### WHAT IS BEING ASKED
From the line containing "Silver Men Ring" to the last line of the listing, both included, copy every line exactly and drop the pictures.
..............................
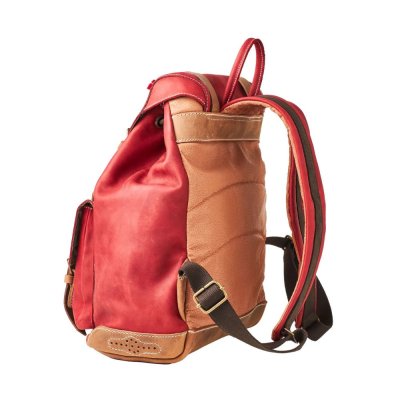 Leather Backpack with Drawstring - Garnet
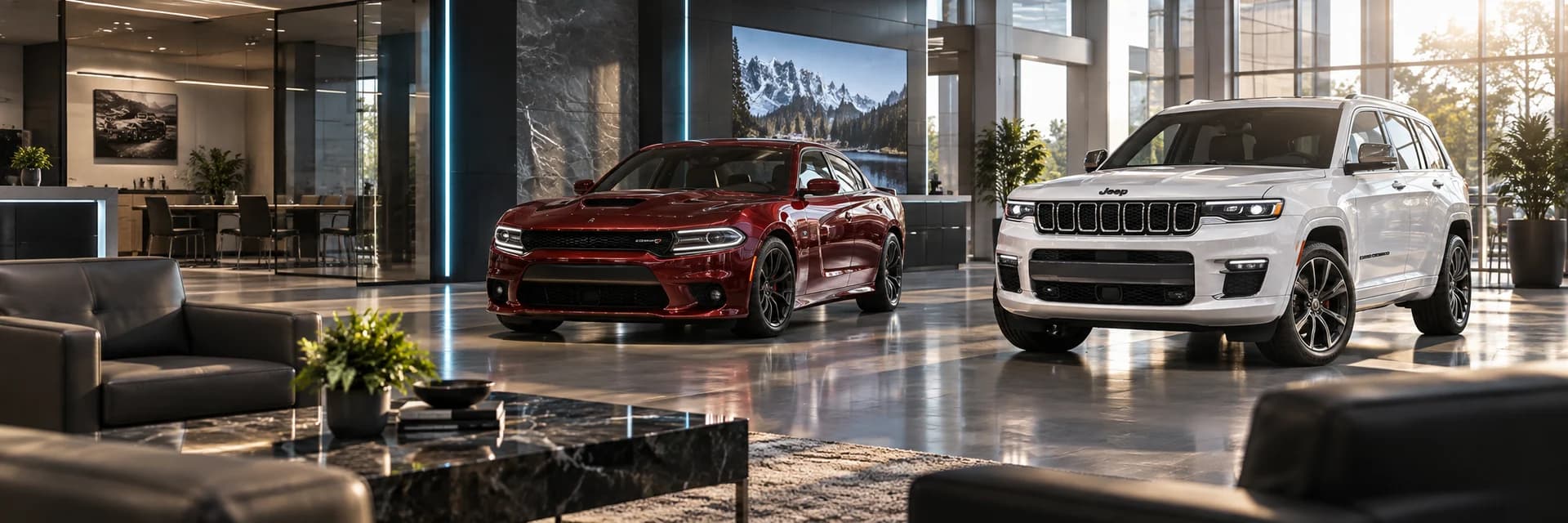 Dodge Charger and Jeep Grand Cherokee in a modern franchise showroom
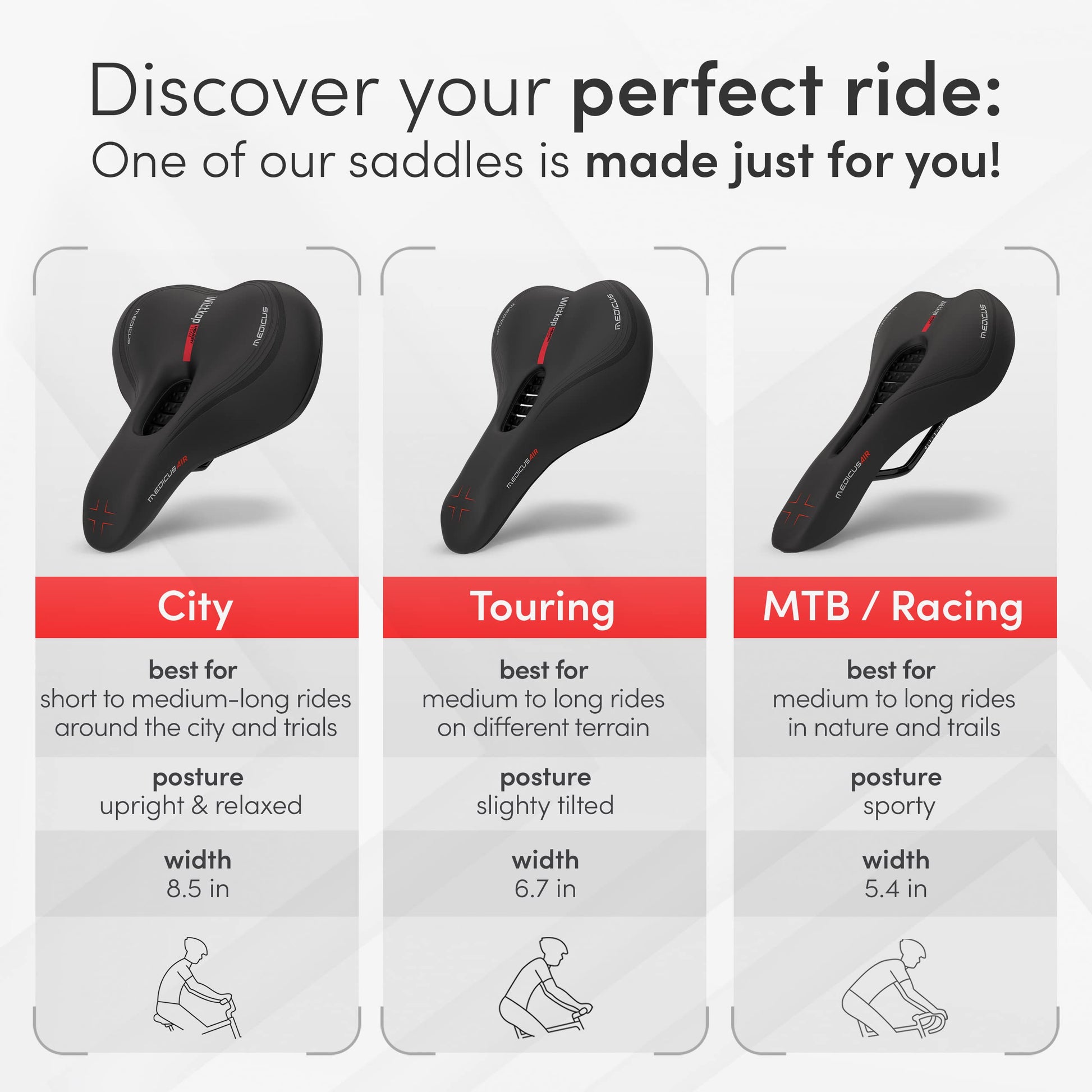 Wittkop Bike Seat, Waterproof Bicycle Saddle for Comfort, Mountain & Road Biking, Wide Bike Seats for Men & Women, BMX, MTB, Bike Seat Comfort, Waterproof Bike Saddle with Innovative 5-Zone-Concept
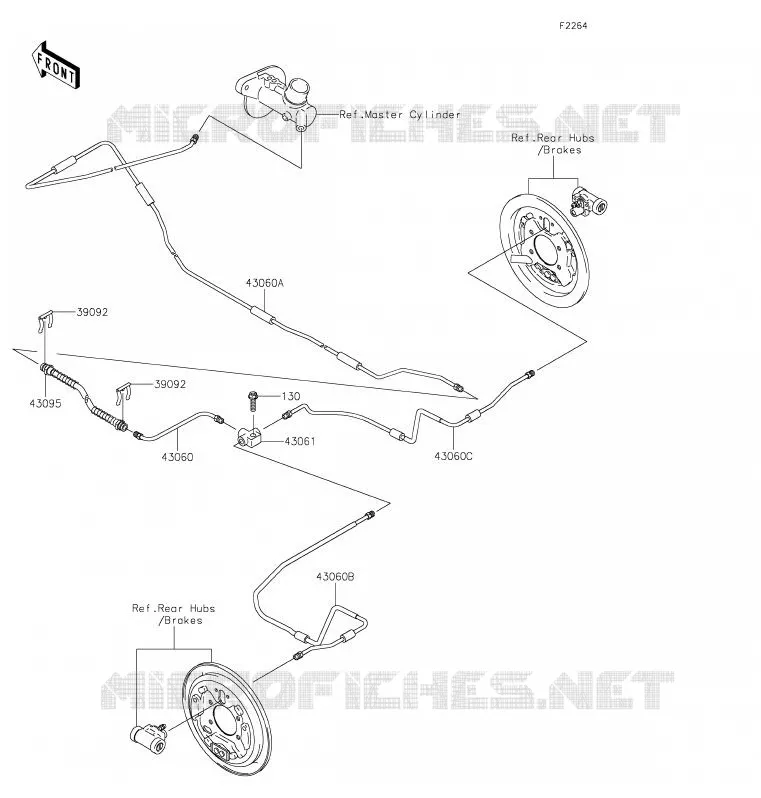 FLEXIBLE DE FREIN ARRIERE Kawasaki SSV 400 2020 MULE SX  KAF400JLF
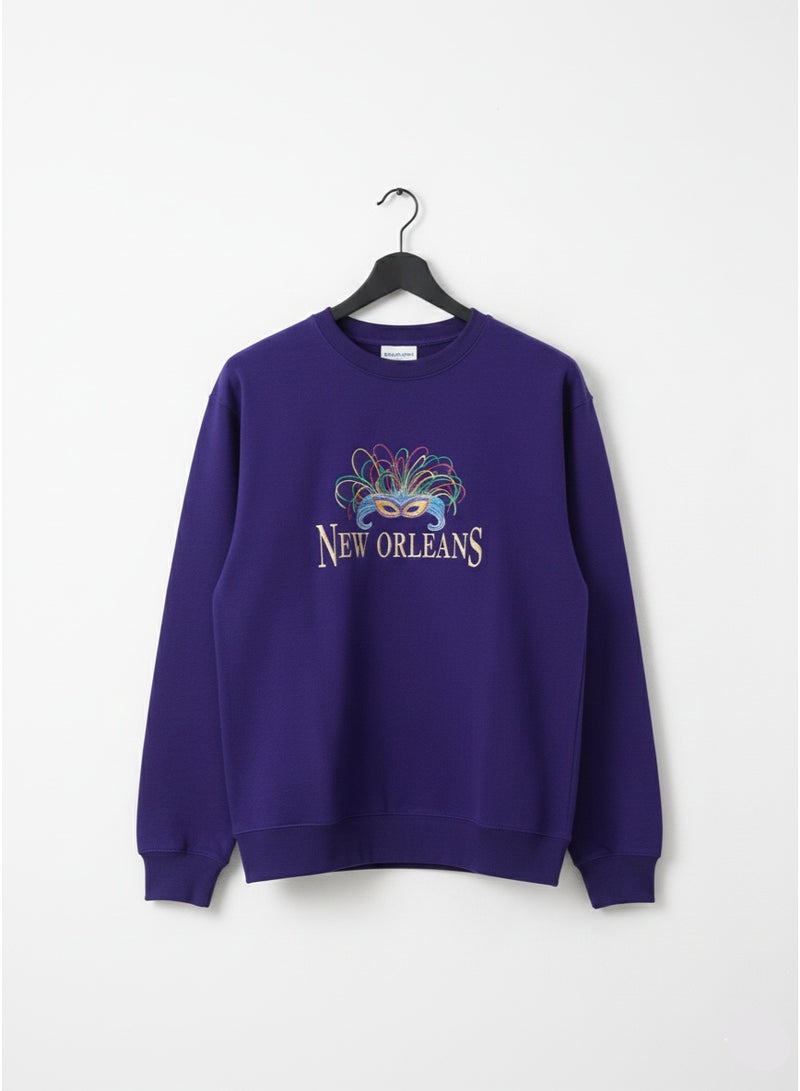 Classic سويت شيرت مطبوع باللون الأرجواني من نيو أورلينز للرجال - مزيج قطن عادي مناسب - Image 2
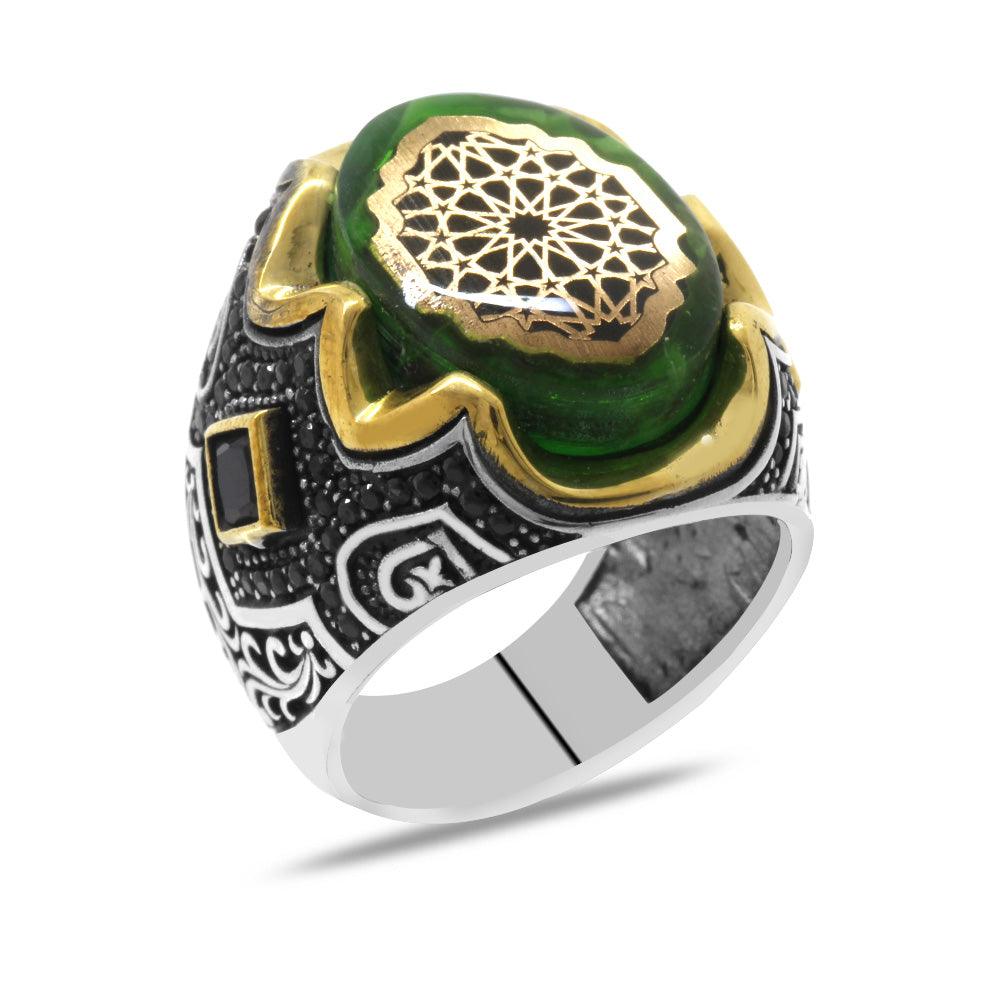 Silver Men Ring with Anatolian Motifs on Green Amber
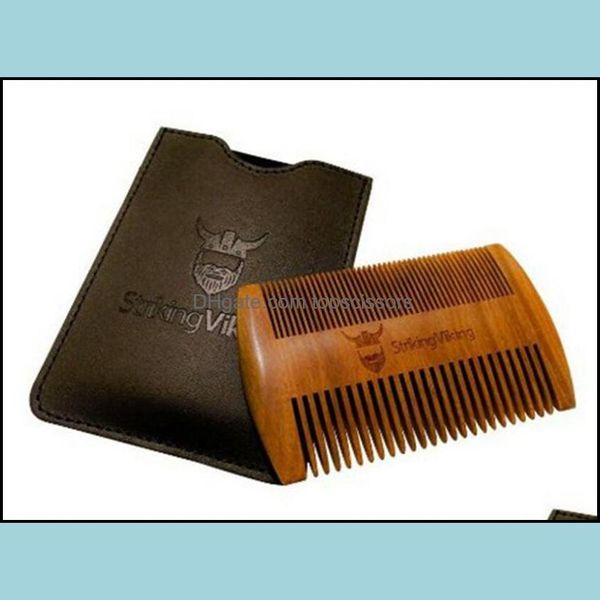 

hair brushes care styling tools products factory wholesale quality peach wood dense teeth grate beard comb customized logo lice big tooth, Silver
..............................
### FINISHED EXERCISE
 Silver Men Ring with Anatolian Motifs on Green Amber

hair brushes care styling tools products factory wholesale quality peach wood dense teeth grate beard comb customized logo lice big tooth, Silver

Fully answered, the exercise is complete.